Gabriel Landeskog was the obvious emblem of the season, casting a shadow from October to April (and now beyond) due to his injured right patellar cartilage. Colorado’s captain still traveled during the series and even offered calming moral support during intermissions. His on-ice impact was missed the most in the end.
MacKinnon missed weeks. Byram and Josh Manson missed months. Nichushkin was in and out of the lineup. Makar was sidelined five different times since January with various injuries.
“I don’t think there’s ever going to be a season again — knock on wood — where we go through that many injuries,” Makar said. “Everybody was grinding out, playing big minutes in certain months that you shouldn’t be playing big minutes in.”
Perhaps that’s why most of Colorado’s players struck a tone somewhere between despondency and pride after Game 7.
“We put up a hell of a fight,” Byram told The Post. “We went through a lot this season. Hard to look at any positives right now, but I’m sure in a few days’ time or however long it takes, we’ll look back at some of the positives and some of the fun things.”
Does coach Jared Bednar see it the same way? Give it a couple of weeks?
“I’m already there,” he said, claiming he got over the frustration about the injuries months ago. “… I don’t have a bad word to say about those guys in there. They were great all year.”
“We’re missing five or six guys from last year’s team,” MacKinnon contextualized.
Therein lies the other theme of the year. No Nazem Kadri. No Andre Burakovsky, who rooted for Seattle from the press box this series. No Darcy Kuemper, although Alexandar Georgiev turned out to be a mighty fine replacement in goal. The salary cap is cruel to every team that wins a Stanley Cup.
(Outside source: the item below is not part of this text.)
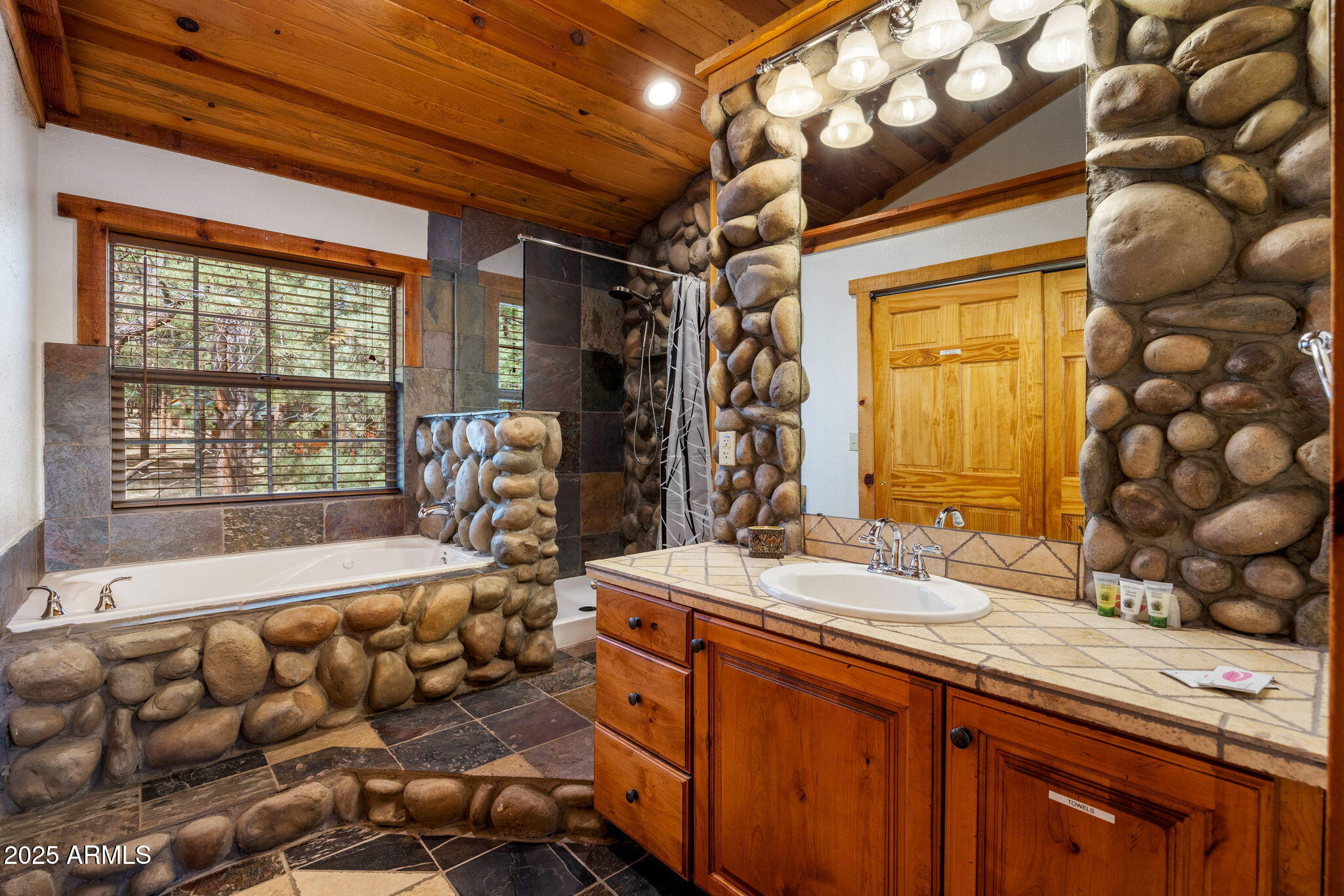 576 COUNTY ROAD 1122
“There’s a cost to winning,” Bednar said. “You lose a bunch of guys, which was our second line last year, and then kind of lose our second line again.”
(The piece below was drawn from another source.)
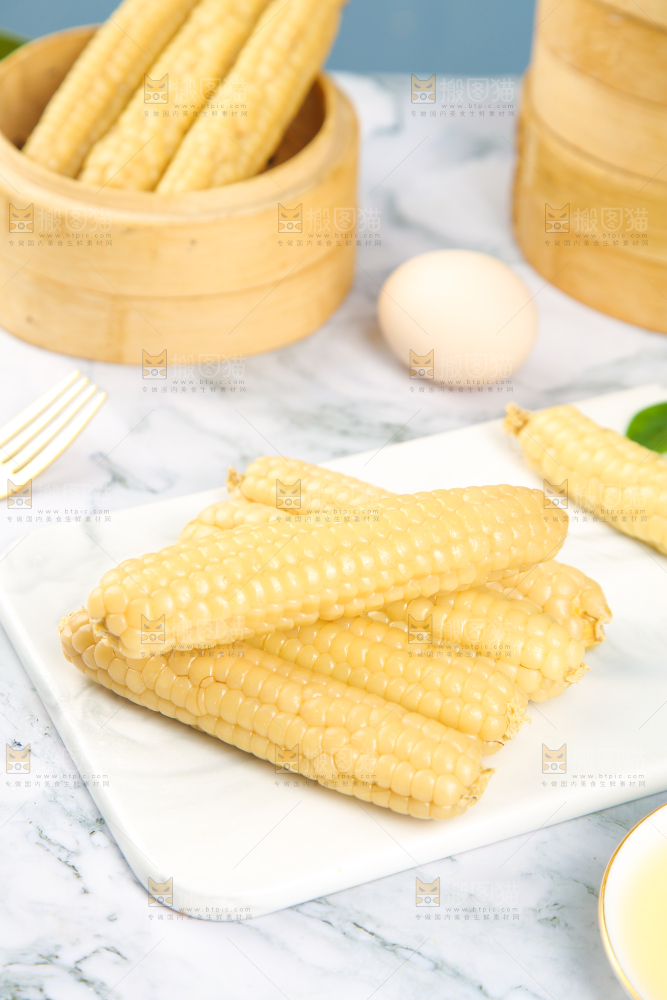 浅底上的手指糯玉米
And never quite bolstered it. The 2023 trade deadline might always remain a well of what-ifs, especially in relation to last year’s. Colorado spent big for Artturi Lehkonen, Manson and Cogliano then won a Cup in ’22. Chris MacFarland and Joe Sakic pumped the breaks this time, trading for a third-line center rather than a second, perhaps sensing the strife wasn’t about to stop.
The ensuing questions will be the legacy of a shattered season. Would the Avalanche have gone further with more aggression? Or was the cautious deadline approach an example of foresight and restraint that most fans lack? Was Colorado’s championship defense a failure by virtue of stalling in the first round? Or an honorable effort by virtue of winning the division after considerable adversity and “a (bleep) streak through the middle of the year,” as Evan Rodrigues called it?
Directly to the right of a somber Makar, a red-eyed Erik Johnson attested that the Avalanche’s championship window remains “wide, wide open.”
“Cale, Nate, Mikko,” said Johnson, a 35-year-old pending free agent and symbol of the team’s unknown future. “As long as those three guys are here, the window is open and will continue to be open.”
Seven stunning games just revealed that the window is also dependent on who surrounds them.